*Dataset excerpts:*
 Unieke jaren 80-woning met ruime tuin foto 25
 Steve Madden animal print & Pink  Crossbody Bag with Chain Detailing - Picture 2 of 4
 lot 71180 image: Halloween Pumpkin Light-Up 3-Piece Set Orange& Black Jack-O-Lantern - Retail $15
* * *
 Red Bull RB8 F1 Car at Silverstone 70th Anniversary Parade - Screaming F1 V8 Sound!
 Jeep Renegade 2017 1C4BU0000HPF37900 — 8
---
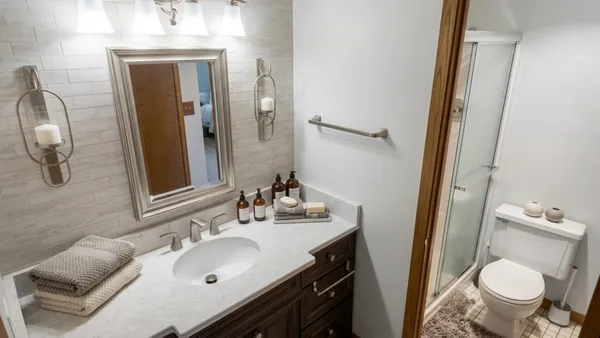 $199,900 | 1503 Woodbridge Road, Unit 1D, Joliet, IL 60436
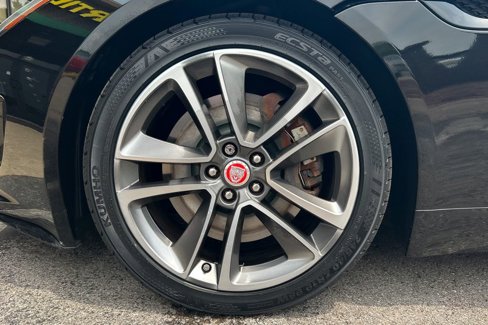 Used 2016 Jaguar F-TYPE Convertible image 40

*Task directions:* In the records above, the line with "Unieke jaren 80-woning" marks the start and the line with "lot 71180 image: Halloween" marks the end; copy that stretch exactly, both lines included, and nothing else.

*Result:*
 Unieke jaren 80-woning met ruime tuin foto 25
 Steve Madden animal print & Pink  Crossbody Bag with Chain Detailing - Picture 2 of 4
 lot 71180 image: Halloween Pumpkin Light-Up 3-Piece Set Orange& Black Jack-O-Lantern - Retail $15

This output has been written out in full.